You know about the Donner Party. You don’t want to know about the Donner Party, yet at the same time, you do. This was the draw for me when I saw this old book on the shelf of a used book store. What actually drove normal American settlers to cannibalism in the Sierre-Nevada mountains in the 1840s? Newspaperman C.F. McGlashan performed some pretty extra-ordinary investigative reporting for his day, and this book is the result. For being 140 years old, it’s an exciting read and it helps clarify lots of the rumors that still surround this terrifying story.
This tale begins innocently enough a handful of climbing parties from around the world trying to reach the summit of Mt. Everest. But when a dangerous storm blows in, many of the worlds greatest climbers—and some novices besides—get stranded and must find their way back down to civilization. Many don’t make it. Journalist Jon Krakauer was on the mountain that day and brings the heart-wrenching, heart-racing account to life. This was the first true adventure story I’d ever written, and it’s made me a lifelong addict.

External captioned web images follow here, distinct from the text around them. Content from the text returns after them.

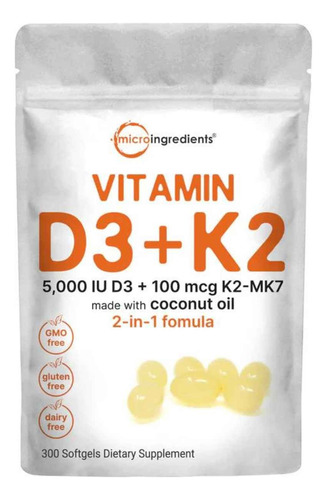 Vitamina D3 + K2 - 300 Caps - Unidad a $877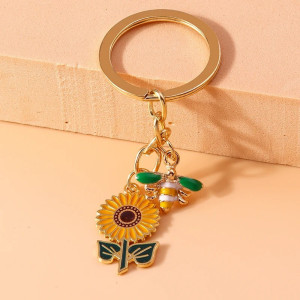 Llavero Abeja y Girasol Dorado – Joyería Original y Elegante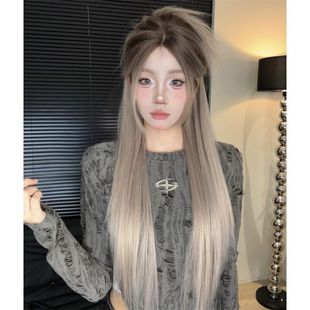 Xuchang Wig for Women, Lace Front, Long Straight Hair, Gradient Asian Style, Summer New Natural Temperament Full Headpiece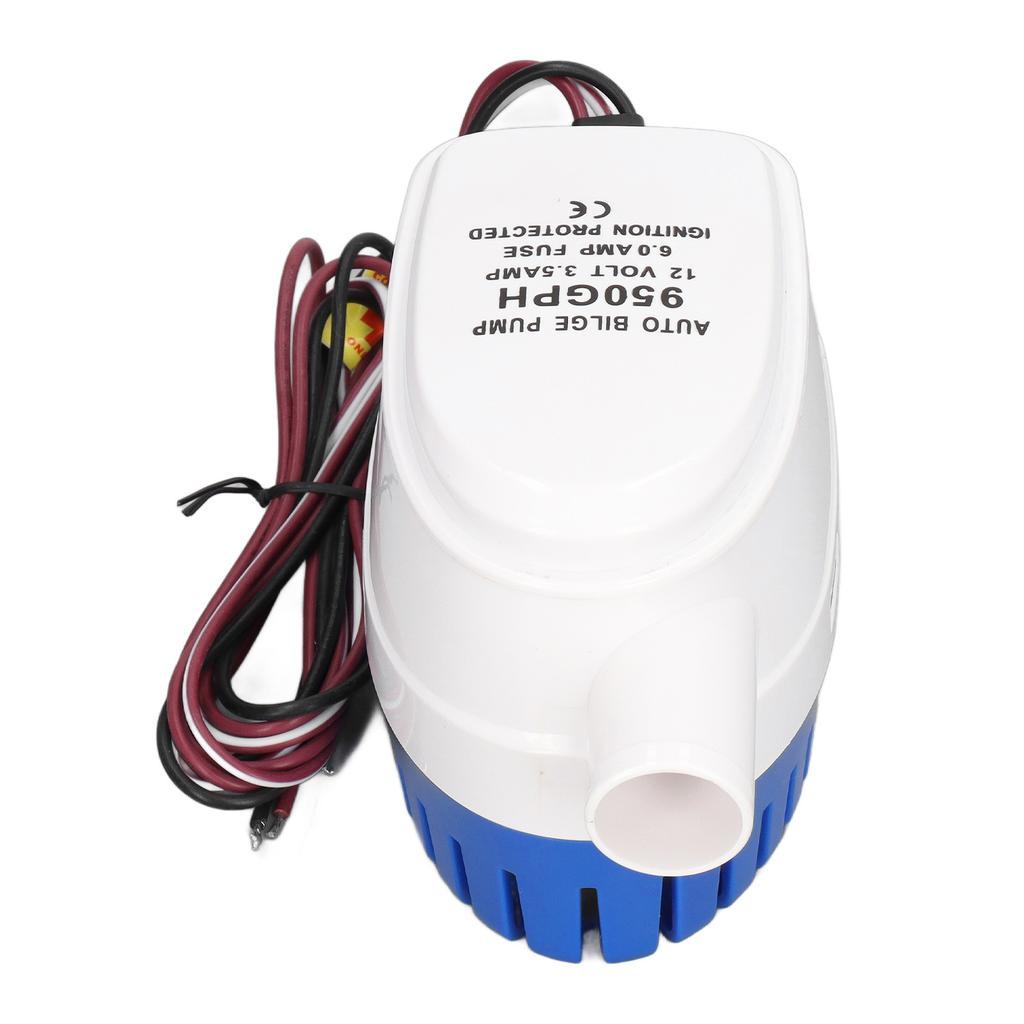 Automatic Bilge Pump DC 12V Plastic Removable Filter Easy Cleaning Boat Bilge Water Pump for Marine Yacht 950GPH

This is my most recent read of all, but even getting a quarter of the way through, I knew it would be landing on my Top 5 List. Callahan finds himself shipwrecked and stranded on the open sea with nothing but a 5-foot inflatable raft and some survival gear. He must fish and collect water to survive, but he must also find within the will to even try. This is a thrilling tale of human capacity for pain and endurance, and it’s well worth the read. I even honored this one with some LEGO stories, it was so good!
I was debating which book to add to this list, this or Shackleton’s personal publication, South. I chose this because it’s a more tightly-knit story that doesn’t have the clutter of the original book. Plus it has the benefit of a “where are they now?” type section. No other survival story boasts such isolation, grandeur, suspense, and success as this, the 28-man crew surviving a shipwreck in the Antarctic. It’s one of the greatest stories ever told. I’ll be reading this one again and again.
Don’t hold it against me that I have two cannibalism books on my Top 5 List, but this book has held top place in my favorite books of all time for a long, long time. And it’s not because of the cannibalism! The efforts to which the survivors of this plane crash in the Andes go to build up enough energy to mount their own escape over the mountains of this frozen tundra is the single most exciting series of chapters I have ever read. The moment these men see the shepherds in the foothills, I want to weep. Everything about this book excites me (except the food), and you simply have to read it cover to cover. No excuses.